Top of Exercise data
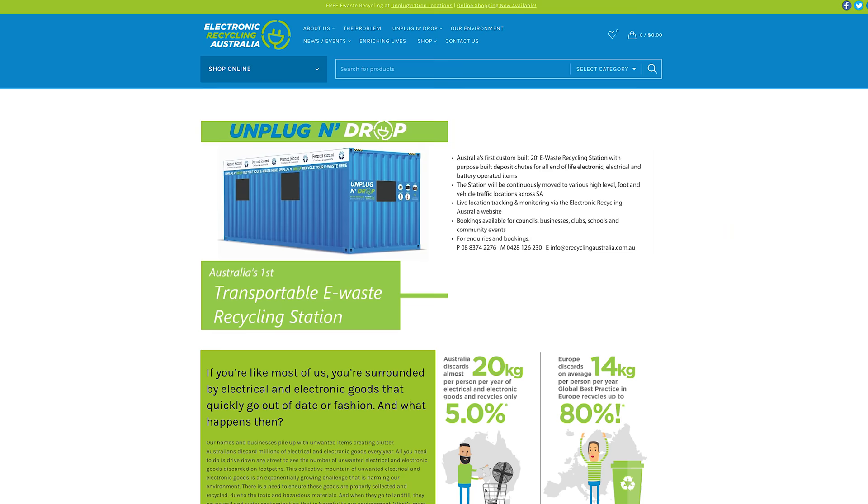Hello and welcome back to another video. Today we're going to be restoring an old IPEX Pentium 4 desktop computer, made possible in collaboration with Electronic Recycling Australia.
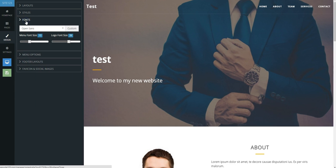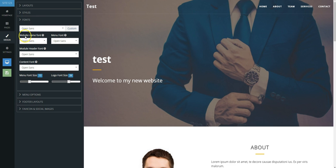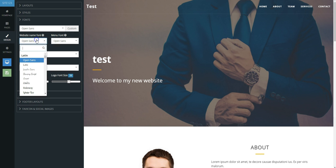Choose the desired font in the drop-down. Press the Custom option to select website name, menu, module header, and content fonts.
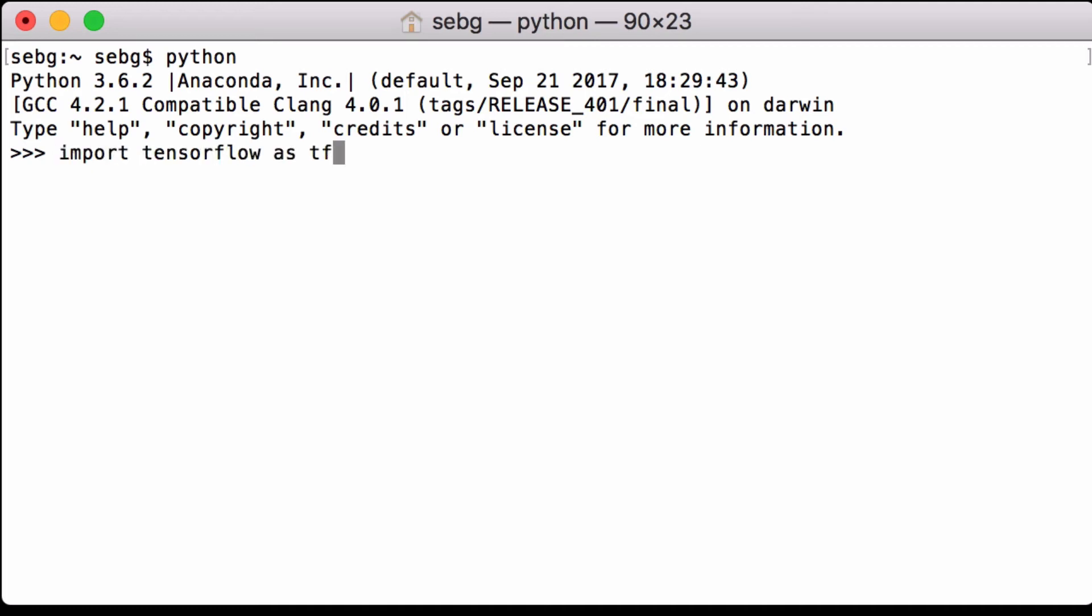We import tensorflow as tf. Then we print the tensorflow version that we are using. We are using tensorflow 1.0.1.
Bottom of Exercise data
**What this task involves**
Give the data above again exactly. Leave the pictures out.

**Your response**
Hello and welcome back to another video. Today we're going to be restoring an old IPEX Pentium 4 desktop computer, made possible in collaboration with Electronic Recycling Australia.
Choose the desired font in the drop-down. Press the Custom option to select website name, menu, module header, and content fonts.
We import tensorflow as tf. Then we print the tensorflow version that we are using. We are using tensorflow 1.0.1.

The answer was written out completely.